You can find a simple description of classifying documents using intelligent keyword classification here:
Finally can you elaborate your 50 document types? Do they have the same fields to extract or are they mutually exclusive documents with new and distinct fields for each document?
If you have 50 document types with the same fields to be extracted, you can train one machine learning model using document understanding. You can refer the article on how to train high performing models here:
Thank you for your quick answer. Here are all my comments related to your response:
I want to train and deploy a Machine Learning Classifier model capable of properly classify 50 totally different document types, just a classifier, not an extraction model. So, can I train a single Machine Learning Classifier model to classify different document types that don’t share common fields? or do I have to train 50 different Machine Learning Classifier models?

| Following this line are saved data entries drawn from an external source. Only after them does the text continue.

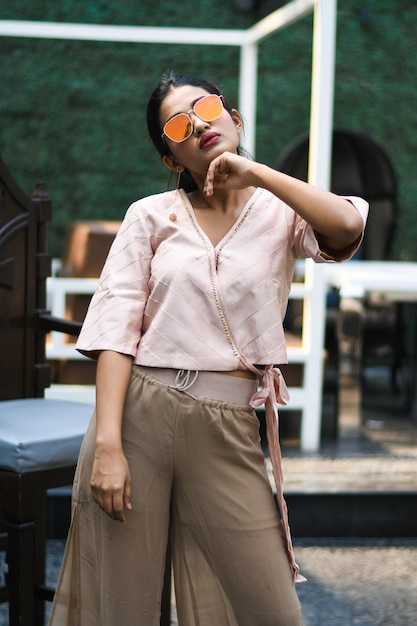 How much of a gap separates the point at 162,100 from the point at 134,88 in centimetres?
595

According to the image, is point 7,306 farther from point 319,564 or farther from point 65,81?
point 65,81

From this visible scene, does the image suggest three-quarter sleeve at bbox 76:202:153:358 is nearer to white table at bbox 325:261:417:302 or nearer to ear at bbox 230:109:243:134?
ear at bbox 230:109:243:134

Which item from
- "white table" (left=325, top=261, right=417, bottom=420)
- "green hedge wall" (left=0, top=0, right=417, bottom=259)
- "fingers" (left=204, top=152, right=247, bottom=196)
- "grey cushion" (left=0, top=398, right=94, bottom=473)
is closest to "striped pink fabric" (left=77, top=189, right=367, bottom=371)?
"fingers" (left=204, top=152, right=247, bottom=196)

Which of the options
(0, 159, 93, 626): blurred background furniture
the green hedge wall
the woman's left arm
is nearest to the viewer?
the woman's left arm

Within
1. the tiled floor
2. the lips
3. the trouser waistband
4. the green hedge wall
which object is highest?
the green hedge wall

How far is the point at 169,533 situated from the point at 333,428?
302 centimetres

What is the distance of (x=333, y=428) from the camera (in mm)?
4777

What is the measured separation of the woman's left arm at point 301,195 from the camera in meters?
1.65

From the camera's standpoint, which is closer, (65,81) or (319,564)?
(319,564)

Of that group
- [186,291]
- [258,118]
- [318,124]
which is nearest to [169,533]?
[186,291]

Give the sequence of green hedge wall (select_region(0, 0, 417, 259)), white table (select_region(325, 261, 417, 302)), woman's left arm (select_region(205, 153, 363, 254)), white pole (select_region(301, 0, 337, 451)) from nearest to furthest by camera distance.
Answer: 1. woman's left arm (select_region(205, 153, 363, 254))
2. white pole (select_region(301, 0, 337, 451))
3. white table (select_region(325, 261, 417, 302))
4. green hedge wall (select_region(0, 0, 417, 259))

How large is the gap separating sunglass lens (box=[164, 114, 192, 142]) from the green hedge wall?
586 cm

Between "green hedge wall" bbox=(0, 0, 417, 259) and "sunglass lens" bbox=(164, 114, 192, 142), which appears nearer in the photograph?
"sunglass lens" bbox=(164, 114, 192, 142)

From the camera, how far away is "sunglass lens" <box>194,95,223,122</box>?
173 centimetres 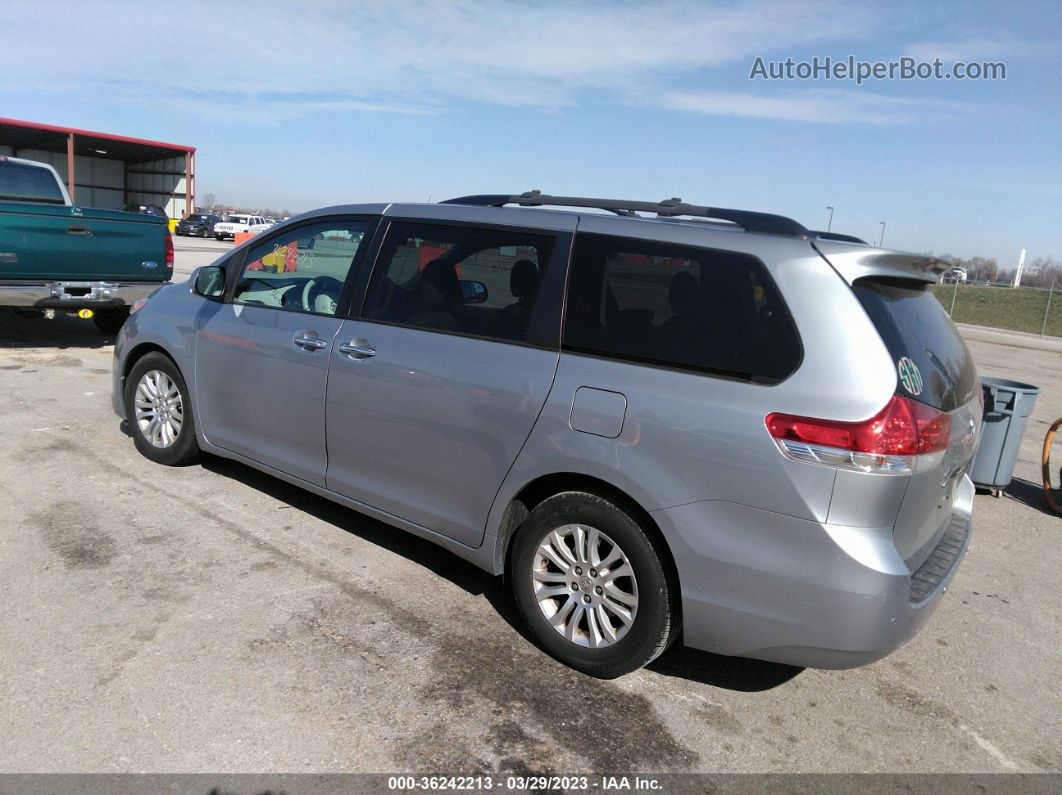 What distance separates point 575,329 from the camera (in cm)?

I understand that you’re able to classify a single document into different document types. If a single document contains an Invoice and a Form, will the classifier identify two different document types and split automatically the pages? How can you achieve that? By using a single Machine Learning Classifier model and Classification fields? How can I train a machine learning classifier?
Are classification fields used to classify a document or for extraction purposes? In a Data Labeling session, how do you use a classification field? Because I can’t highlight the field that represents the classification field.
Thank you for your reply. Please find my answers below.
You can train one model to identify 50 different document types. Here you can do this in two methods. you can either use intelligent keyword classifier, to classify your documents or you can use the machine learning model “document classifier” from ML packages. Both these options will help you to classify different document types.
Document Classifier is a retrainable model for classifying any type of structured or semi-structured documents, building a model from scratch. This method might help you to retrain the model in the event you want to expand document types needed to classify.
The Intelligent Keyword Classifier is a classifier that uses the word vector it learns from files of certain document types to perform document classification.
Since you want to split documents types in a master document, do look into intelligent keyword classifier. It enables you to split documents and train the classifier over time with intelligent keyword classifier trainer. This will enable you to both split and classify documents in your automation.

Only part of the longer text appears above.